In a drawback to its international expansion plans, a Six Flags theme park that was supposed to open late next year in Dubai is now under review by its struggling owner, executives from Six Flags Entertainment said Wednesday.
DXB Entertainments, which owns the Dubai Parks and Resorts complex where the new Six Flags is under construction, has posted losses as attendance failed to meet expectations. The resort already includes a Legoland, water park, and theme parks based on Hollywood and Bollywood films.
Wednesday was the first time Six Flags officials addressed what that could mean to the project — though they had few details other than saying that an on-time opening in 2019 was unlikely. Executives addressed the issue during an earnings call that included a few pieces of bad news; shares fell 16 percent.
“We cannot speak for our partner,” said Jim Reid-Anderson, president and CEO of Six Flags Entertainment. “They’re trying to work through what they do next. We don’t have an answer. I wish I could give you an answer to say, ‘This is what will happen.'”
Reid-Anderson and Chief Financial Officer Marshall Barber said the Dubai operator is up-to-date on payments to Six Flags. The company has said in the past that international licensing fees, one of its key growth initiatives, represent $5 million to $10 million a year in earnings before a park opens and $10 million to $20 million a year once parks are operating.
The Dubai park would fall on the low end of that range, Reid-Anderson said.
“The risk, for us, is minimal,” he said. “And I would tell you that this was our smallest park in terms of our expectations with regard to revenue and [earnings before interest, taxes, depreciation, and amortization], in terms of the outlook. So whilst we would never want the park not to go ahead, if it happens, it’s something we would manage through very
This isn’t the first hurdle on the path to international expansion. DXB Entertainments was in arrears on payments earlier this year, and a project with partners in Vietnam ran into trouble last year. Projects in China and Saudi Arabia are still moving forward to open over the next few years.

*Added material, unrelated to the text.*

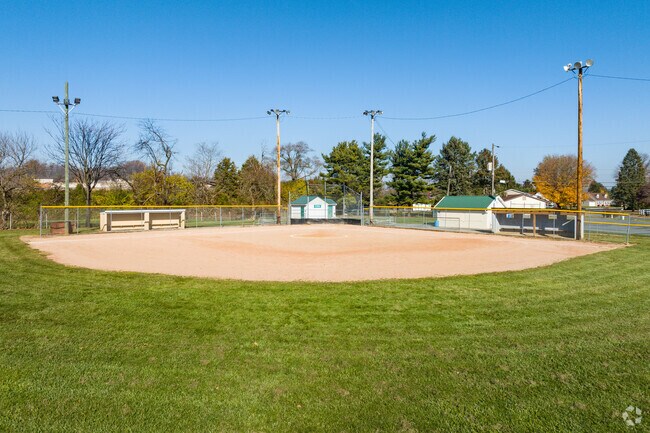 Clyde Smith Memorial Park features a community ball field.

“Our strategy remains an important opportunity for the long term,” Barber said. “There’s always a potential for short-term challenges when working in emerging markets.”
The Dubai discussion came as the Texas-based theme park operator reported that third-quarter revenue increased 7 percent year-over-year to $620 million, driven in part by a 5 percent jump in attendance. During the quarter that ended Sept. 30, 13.6 million people visited the company’s 25 parks, including five that were recently acquired.
Also fueling growth: revenue for international agreements, which increased 42 percent to nearly $36 million.
Profit increased 2 percent to $3 million, while earnings before interest, taxes, depreciation, and amortization — called EBITDA — was up 2 percent to $307 million.
‘Slammed by Weather’
Despite the increases, Reid-Anderson said bad weather was a “net drag” on attendance during the quarter, estimating that hundreds of thousands of visits were lost.
He cited “the worst third-quarter weather” in his nine years at the company as a reason for the sluggish growth in earnings, which missed analyst expectations. The company also said meeting its goal of $600 million in modified earnings this year would be “more challenging” due to the weather hit.
Shares fell 16 percent to close at $53.30 Wednesday.
“I feel like we have been slammed by weather,” Reid-Anderson said. “We have the right imperative. I wouldn’t change a single thing in terms of what we’re doing. … But it’s
realistic to say that the growth to date in EBITDA hasn’t been at the level that we would’ve liked to have if weather had cooperated.”
Barber said the operator’s fundamental growth drivers were still sound and pointed out that revenue and adjusted earnings had reached record levels for the first nine months of the year.
“We’re doing what we need to do to drive the business,” he said. “And the weather will improve. It’s not going to be worse than average forever.”